One could see that the solitary mountain, rising so starkly above the hills, was no ordinary work of geology; the land thereabouts showed the signs of old, localized upheaval. Trees along one flank, torn up by the roots when the ground broke open, had petrified in the streams of water, lying in broken pieces in the shadow of the mountain.
Aediamysaar rose too steeply for horses to climb. We tethered Nixva and Kyvixa with the horses of those who had arrived ahead of us. I recognized the Keikin and other of his offspring. My heart beat more strongly when I realized who would at the summit.
Mordwen warned me the path was steep. I followed through a grove of twisted scrub-faris and a vine bare of leaves. The path had a winter aspect even on that warm morning, and I found myself wishing for a coat. We climbed in silence.
I had wondered vaguely how the Prince would behave when we reached the top. I adopted an attitude Commyna would have approved, of respectful wariness. As we neared the end of the climb, with the wind screeching breakneck through the thin, twisted trees, I told myself over and over again, enjoy the scenery, you may get nothing but that.
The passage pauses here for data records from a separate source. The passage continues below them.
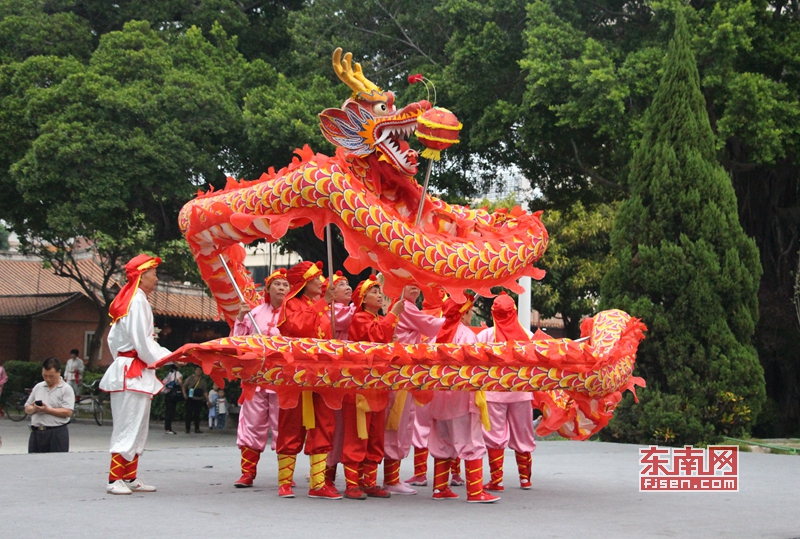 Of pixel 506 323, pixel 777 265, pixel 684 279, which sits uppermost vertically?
pixel 777 265

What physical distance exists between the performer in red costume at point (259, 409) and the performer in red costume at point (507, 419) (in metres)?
1.72

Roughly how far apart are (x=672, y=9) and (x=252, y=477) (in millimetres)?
9220

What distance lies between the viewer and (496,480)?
782cm

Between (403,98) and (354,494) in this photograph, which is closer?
(354,494)

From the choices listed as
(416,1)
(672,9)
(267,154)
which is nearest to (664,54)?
(672,9)

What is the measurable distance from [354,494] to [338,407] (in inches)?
28.1

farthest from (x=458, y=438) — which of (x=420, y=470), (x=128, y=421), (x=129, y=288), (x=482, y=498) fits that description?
(x=129, y=288)


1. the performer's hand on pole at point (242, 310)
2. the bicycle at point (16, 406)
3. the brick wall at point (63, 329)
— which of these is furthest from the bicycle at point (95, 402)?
the performer's hand on pole at point (242, 310)

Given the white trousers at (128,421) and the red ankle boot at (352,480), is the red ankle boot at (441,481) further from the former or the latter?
the white trousers at (128,421)

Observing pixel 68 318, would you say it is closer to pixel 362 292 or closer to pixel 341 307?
pixel 341 307

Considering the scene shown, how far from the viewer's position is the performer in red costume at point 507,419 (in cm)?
782

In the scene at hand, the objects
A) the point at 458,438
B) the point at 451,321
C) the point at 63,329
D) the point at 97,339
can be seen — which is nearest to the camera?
the point at 458,438

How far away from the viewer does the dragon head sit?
733 cm

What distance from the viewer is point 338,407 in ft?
23.0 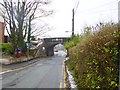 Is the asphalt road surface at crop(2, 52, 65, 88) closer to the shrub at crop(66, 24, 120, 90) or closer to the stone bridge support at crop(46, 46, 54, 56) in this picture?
the shrub at crop(66, 24, 120, 90)

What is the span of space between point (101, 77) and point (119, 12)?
1.44 meters

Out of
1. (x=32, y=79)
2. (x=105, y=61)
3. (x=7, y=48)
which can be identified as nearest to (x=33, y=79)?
(x=32, y=79)

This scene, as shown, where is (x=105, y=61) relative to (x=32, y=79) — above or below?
above

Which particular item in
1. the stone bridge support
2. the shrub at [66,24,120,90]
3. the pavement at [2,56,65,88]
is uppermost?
the shrub at [66,24,120,90]

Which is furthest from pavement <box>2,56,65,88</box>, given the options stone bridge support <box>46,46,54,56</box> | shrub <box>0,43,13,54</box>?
stone bridge support <box>46,46,54,56</box>

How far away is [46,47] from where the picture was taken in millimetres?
88750

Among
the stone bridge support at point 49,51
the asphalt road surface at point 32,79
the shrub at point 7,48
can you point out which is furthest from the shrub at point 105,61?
the stone bridge support at point 49,51

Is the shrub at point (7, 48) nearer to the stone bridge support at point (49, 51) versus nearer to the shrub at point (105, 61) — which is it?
the stone bridge support at point (49, 51)

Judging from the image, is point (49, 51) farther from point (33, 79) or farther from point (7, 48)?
point (33, 79)

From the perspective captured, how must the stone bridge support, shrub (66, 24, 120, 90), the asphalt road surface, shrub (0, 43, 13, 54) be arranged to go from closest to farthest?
shrub (66, 24, 120, 90) < the asphalt road surface < shrub (0, 43, 13, 54) < the stone bridge support

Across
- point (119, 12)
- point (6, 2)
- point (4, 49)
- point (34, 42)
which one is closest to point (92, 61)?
point (119, 12)

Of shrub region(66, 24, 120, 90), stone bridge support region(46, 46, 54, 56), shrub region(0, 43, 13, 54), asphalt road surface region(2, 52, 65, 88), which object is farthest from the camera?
stone bridge support region(46, 46, 54, 56)

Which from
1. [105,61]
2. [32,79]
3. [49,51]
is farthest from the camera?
[49,51]

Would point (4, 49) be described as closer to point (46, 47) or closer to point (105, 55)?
point (46, 47) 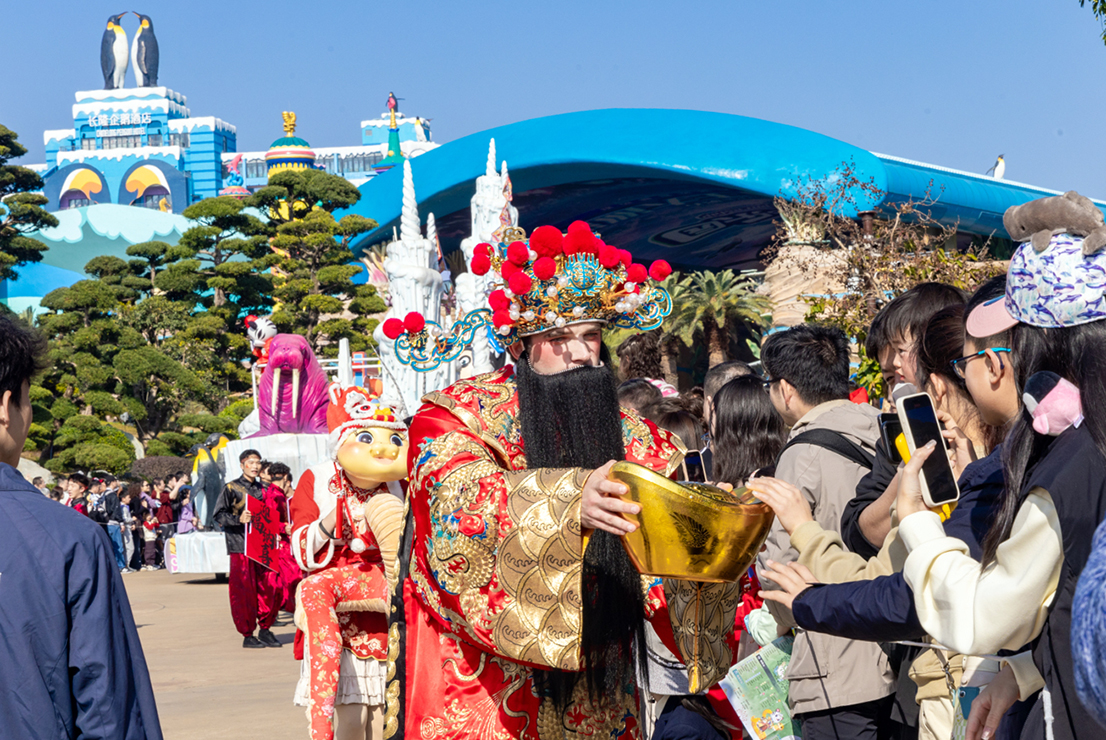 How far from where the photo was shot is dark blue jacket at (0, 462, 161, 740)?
198cm

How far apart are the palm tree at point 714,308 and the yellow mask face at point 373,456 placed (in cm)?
2203

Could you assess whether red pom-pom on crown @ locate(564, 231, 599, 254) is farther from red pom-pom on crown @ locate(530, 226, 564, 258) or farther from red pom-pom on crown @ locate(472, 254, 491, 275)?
red pom-pom on crown @ locate(472, 254, 491, 275)

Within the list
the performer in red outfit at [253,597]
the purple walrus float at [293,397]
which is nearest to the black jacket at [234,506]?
the performer in red outfit at [253,597]

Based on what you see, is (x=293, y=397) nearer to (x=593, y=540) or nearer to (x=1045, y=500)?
(x=593, y=540)

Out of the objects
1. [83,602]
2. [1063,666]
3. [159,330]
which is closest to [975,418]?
[1063,666]

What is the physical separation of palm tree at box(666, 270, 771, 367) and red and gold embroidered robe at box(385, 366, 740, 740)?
23965mm

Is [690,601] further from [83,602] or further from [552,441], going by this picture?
[83,602]

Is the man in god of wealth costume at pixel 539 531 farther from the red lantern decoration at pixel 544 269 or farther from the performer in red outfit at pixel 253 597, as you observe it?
the performer in red outfit at pixel 253 597

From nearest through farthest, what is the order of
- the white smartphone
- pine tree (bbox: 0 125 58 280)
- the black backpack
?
the white smartphone < the black backpack < pine tree (bbox: 0 125 58 280)

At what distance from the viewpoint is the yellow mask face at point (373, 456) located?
15.8 feet

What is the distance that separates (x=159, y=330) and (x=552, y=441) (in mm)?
27261

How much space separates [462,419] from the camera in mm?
2795

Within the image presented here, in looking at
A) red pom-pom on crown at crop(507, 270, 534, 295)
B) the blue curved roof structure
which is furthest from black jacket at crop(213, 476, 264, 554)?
the blue curved roof structure

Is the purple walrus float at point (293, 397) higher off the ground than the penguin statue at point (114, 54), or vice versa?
the penguin statue at point (114, 54)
It would have been sufficient, I think. I had never seen anything like the view going up. We spiraled higher over the undulating rhythm of green and golden treetops, finally climbing so high one could see the eastern mountains. On a clear day one can see the walls of Drii from Mount Diamysaar. If I had been on horseback I would have fallen off at the sight.
The top of the mountain was a broad table of flat stone. A flight of curved steps led up the sheer rock face on either side of this plateau — that is to say, from either the eastern or the western approaches, for one can reach the summit by either of two paths. On the rock table stood stone slabs set upright, some capped with capstones, forming a broad outer circle and a smaller, less defined, inner circle. One could see this much from a distance. One could also see cloaked figures standing in the circles. Karsten, came toward us. Wind blew through her hair.
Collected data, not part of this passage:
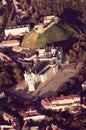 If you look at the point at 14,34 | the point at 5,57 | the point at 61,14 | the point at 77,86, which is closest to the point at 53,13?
the point at 61,14

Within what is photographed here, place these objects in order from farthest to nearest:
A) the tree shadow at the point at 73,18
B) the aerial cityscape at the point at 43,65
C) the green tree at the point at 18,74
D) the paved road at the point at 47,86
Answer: the tree shadow at the point at 73,18 → the green tree at the point at 18,74 → the paved road at the point at 47,86 → the aerial cityscape at the point at 43,65

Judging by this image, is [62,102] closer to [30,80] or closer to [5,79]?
[30,80]

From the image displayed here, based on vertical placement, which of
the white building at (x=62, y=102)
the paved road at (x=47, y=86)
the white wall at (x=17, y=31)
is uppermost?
the white building at (x=62, y=102)

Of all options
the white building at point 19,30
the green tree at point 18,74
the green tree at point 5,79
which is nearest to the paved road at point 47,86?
the green tree at point 18,74

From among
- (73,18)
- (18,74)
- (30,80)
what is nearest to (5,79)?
(18,74)

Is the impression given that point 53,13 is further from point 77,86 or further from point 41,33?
point 77,86

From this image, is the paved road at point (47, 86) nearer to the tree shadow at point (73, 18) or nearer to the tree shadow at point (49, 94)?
the tree shadow at point (49, 94) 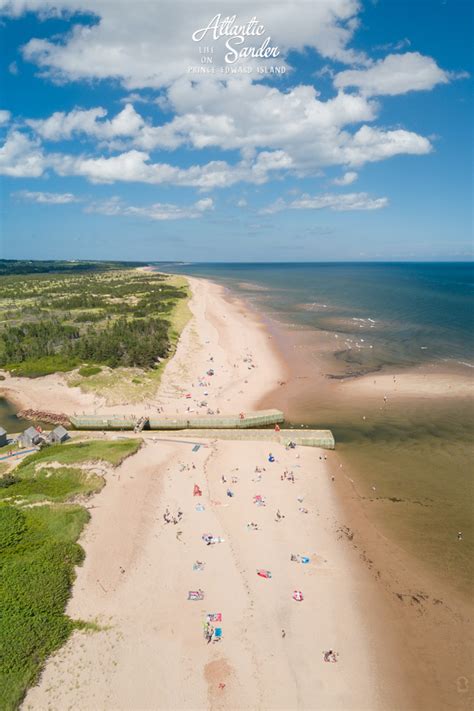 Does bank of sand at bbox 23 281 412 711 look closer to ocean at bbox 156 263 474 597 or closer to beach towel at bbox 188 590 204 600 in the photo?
beach towel at bbox 188 590 204 600

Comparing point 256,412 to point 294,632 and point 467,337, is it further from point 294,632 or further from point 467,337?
point 467,337

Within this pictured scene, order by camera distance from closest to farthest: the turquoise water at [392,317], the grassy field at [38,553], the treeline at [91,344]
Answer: the grassy field at [38,553]
the treeline at [91,344]
the turquoise water at [392,317]

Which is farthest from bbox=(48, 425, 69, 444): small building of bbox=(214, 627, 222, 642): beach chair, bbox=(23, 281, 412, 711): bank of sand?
bbox=(214, 627, 222, 642): beach chair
When I started to speak she shook her head, placing her finger against her lips. She took my hand and we walked toward the standing stones.
A sound like music came from inside, the echoes of voices, but I knew this was nothing my ears were hearing. For a moment I felt what panic would be like. But my body remembered what the lake women
had taught me to do, and I breathed as if I were a bird slowly beating its wings. I savored each moment. We reached the shadows of the stones, ascending a shallow flight of steps, passing through the rock pylons.
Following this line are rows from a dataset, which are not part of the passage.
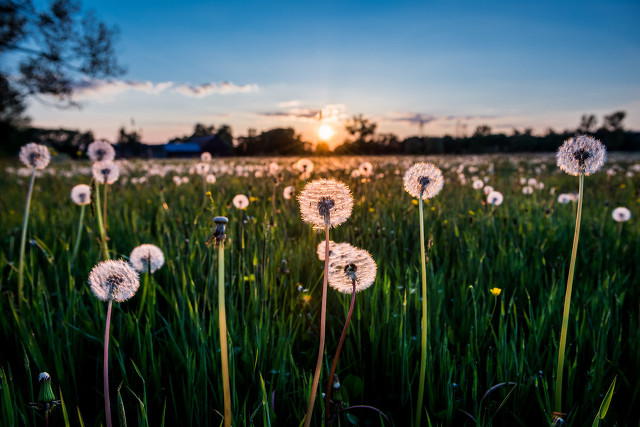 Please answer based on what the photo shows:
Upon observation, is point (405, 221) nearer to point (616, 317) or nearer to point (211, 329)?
point (616, 317)

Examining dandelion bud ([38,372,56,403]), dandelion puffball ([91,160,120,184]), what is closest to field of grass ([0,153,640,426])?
dandelion bud ([38,372,56,403])

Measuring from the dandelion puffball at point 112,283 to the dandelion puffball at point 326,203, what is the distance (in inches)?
20.7

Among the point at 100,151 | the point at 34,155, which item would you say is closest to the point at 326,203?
the point at 34,155

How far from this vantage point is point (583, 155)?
1.19m

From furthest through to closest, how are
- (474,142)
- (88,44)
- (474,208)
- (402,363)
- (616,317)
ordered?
(474,142), (88,44), (474,208), (616,317), (402,363)

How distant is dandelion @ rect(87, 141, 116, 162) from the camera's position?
2.88 m

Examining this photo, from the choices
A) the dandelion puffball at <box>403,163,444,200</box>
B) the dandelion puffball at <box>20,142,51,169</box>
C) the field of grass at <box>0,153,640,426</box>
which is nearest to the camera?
the dandelion puffball at <box>403,163,444,200</box>

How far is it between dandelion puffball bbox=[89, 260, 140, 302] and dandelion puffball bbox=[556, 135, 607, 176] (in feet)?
4.42

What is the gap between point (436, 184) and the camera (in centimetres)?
125

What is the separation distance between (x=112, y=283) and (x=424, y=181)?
957mm

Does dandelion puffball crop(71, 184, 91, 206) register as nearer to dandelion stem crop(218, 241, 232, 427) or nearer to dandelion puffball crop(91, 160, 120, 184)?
dandelion puffball crop(91, 160, 120, 184)

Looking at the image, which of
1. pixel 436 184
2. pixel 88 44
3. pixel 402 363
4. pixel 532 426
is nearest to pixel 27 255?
pixel 402 363

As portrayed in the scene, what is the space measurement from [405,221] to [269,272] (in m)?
1.69

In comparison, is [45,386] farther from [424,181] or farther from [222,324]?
[424,181] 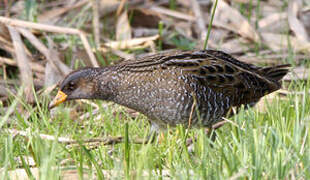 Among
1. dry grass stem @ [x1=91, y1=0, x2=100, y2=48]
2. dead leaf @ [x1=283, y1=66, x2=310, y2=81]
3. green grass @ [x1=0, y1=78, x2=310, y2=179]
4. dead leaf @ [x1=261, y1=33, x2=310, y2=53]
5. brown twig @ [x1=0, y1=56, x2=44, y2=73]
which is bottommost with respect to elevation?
green grass @ [x1=0, y1=78, x2=310, y2=179]

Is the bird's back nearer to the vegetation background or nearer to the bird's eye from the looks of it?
the vegetation background

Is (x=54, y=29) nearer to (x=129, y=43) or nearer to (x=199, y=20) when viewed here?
(x=129, y=43)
Beyond, past the second ring of stones, I could see the dull gray of the circular pavement. The light struck it oddly, not as if it were stone but as if it were the surface of a lake. A figure stood at the center of the pavement, a man, and I knew him long before I could distinguish any feature of his face.
I had not seen him in days. Now, I knew the difference his presence made. I felt resonant with him, and expectant, and so full of feeling I was almost sad. The well of feelings was in fact so strong that I forgot my training, and as I neared him the voices returned, dizzying; songs of warning, in Words I knew.
The songs were very powerful, and when I understood that their purpose was to warn me not to tamper with the magic here, I stopped in my tracks. The lake women had never told me what to do in a case like this, but had taught me something about entering magic circles and magician’s chambers; one does neither lightly. Here was a device for moving power built in the age of Cunavastar, and I was being led blithely onto the stone circle as if this were someone’s tent.